Qual è il ruolo dei terroristi

Sicuramente la religione è un fattore fondamentale da tenere in considerazione quando si parla di conflitti in Medioriente, ma questo non deve spostare il focus da alcuni punti caldi. Il rapporto contenzioso tra Iran e Iraq, legato dagli anni ’80 a motivi strategici e territoriali, e tutta la questione del riassetto del Golfo, sono temi da non sottovalutare. Americani, Russi, tutto il Medioriente e le loro relazioni alimentano la complessità dei conflitti e delle tensioni. Indipendentemente da chi rivendica l’attentato i vecchi dissapori restano sempre in piedi, come l’inimicizia tra Iraq e Iran e l’odio di Khomeini nei confronti dell’America. Già dall’esplosione di Kerman una fazione iraniana credeva che l’attentano fosse avvenuto per mano del terrorismo islamico e poi il giorno dopo, effettivamente, ne è arrivata la conferma.

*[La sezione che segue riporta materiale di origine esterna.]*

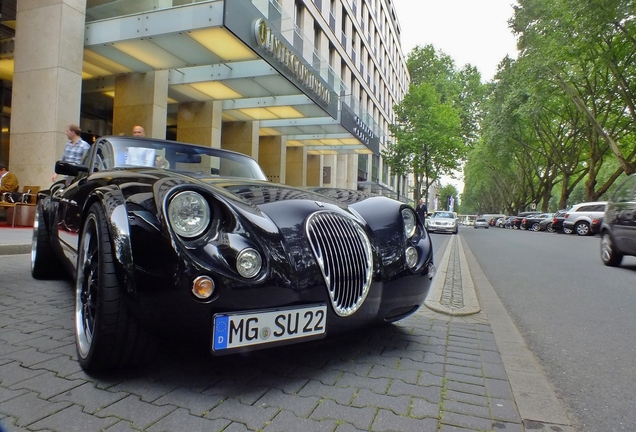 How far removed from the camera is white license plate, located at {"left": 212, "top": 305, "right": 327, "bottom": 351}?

Per questi motivi non c’è da sottovalutare due attori come Iran e Iraq e neanche le loro mire espansionistiche sul Golfo dopo 40 anni di trattati non rispettati. Basta ricordare gli schieramenti quando nel settembre 1980 l’Iraq attaccò l’Iran: L’Iraq poté contare sull’appoggio dell’Arabia Saudita, del Kuwait, del Qatar, del Bahrein, dell’Oman, degli Emirati Arabi Uniti, della Giordania e dell’Egitto. Invece, la Siria di Assad, l’Organizzazione per la Liberazione della Palestina (OLP), l’Algeria e la Libia, si schierarono a favore dell’Iran.

Gli Stati Uniti e tutto l’Occidente appoggiarono il regime iracheno, anche attraverso aiuti militari, più o meno, dichiarati. Invece, l’URSS sostenne il regime khomeinista contro l’Iraq ed indirettamente contro l’Occidente, pur vendendo, allo stesso tempo, armi anche agli Iracheni. Occorre però ricordare che anche gli USA facevano il doppio gioco poiché, insieme ad Israele, trasferivano materiale bellico all’Iran. Nel 1988 nessuno vinse. Ora, vista la fragilissima situazione e alcune somiglianze, figure carismatiche ed equilibri di poteri, la possibilità che il conflitto possa scoppiare in tutto il Medioriente sembra essere ogni giorno più vicina.